[net-next,06/11] RFC: mlx5: RX bulking or bundling of packets before calling network stack

There are several techniques/concepts combined in this optimization.
It is both a data-cache and instruction-cache optimization.

First of all, this is primarily about delaying touching
packet-data, which happend in eth_type_trans, until the prefetch
have had time to fetch.  Thus, hopefully avoiding a cache-miss on
packet data.

Secondly, the instruction-cache optimization is about, not
calling the network stack for every packet, which is pulled out
of the RX ring.  Calling the full stack likely removes/flushes
the instruction cache every time.

Thus, have two loops, one loop pulling out packet from the RX
ring and starting the prefetching, and the second loop calling
eth_type_trans() and invoking the stack via napi_gro_receive().

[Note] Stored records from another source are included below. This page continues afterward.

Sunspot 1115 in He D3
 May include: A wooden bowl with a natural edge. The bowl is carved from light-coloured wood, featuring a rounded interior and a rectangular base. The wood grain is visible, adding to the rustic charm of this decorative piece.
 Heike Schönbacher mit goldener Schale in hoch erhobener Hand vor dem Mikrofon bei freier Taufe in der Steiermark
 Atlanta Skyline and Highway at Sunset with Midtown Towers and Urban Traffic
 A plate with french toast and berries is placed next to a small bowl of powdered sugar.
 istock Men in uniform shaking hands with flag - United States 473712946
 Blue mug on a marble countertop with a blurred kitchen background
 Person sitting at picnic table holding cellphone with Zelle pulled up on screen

Signed-off-by: Jesper Dangaard Brouer <brouer@redhat.com>


Notes:
This is the patch that gave a speed up of 6.2Mpps to 12Mpps, when
trying to measure lowest RX level, by dropping the packets in the
driver itself (marked drop point as comment).

For now, the ring is emptied upto the budget.  I don't know if it
would be better to chunk it up more?

In the future, I imagine the we can call the stack with the full
SKB-list instead of this local loop.  But then it would look a
bit strange, to call eth_type_trans() as the only function...
---
 drivers/net/ethernet/mellanox/mlx5/core/en_rx.c |   23 +++++++++++++++++++----
 1 file changed, 19 insertions(+), 4 deletions(-)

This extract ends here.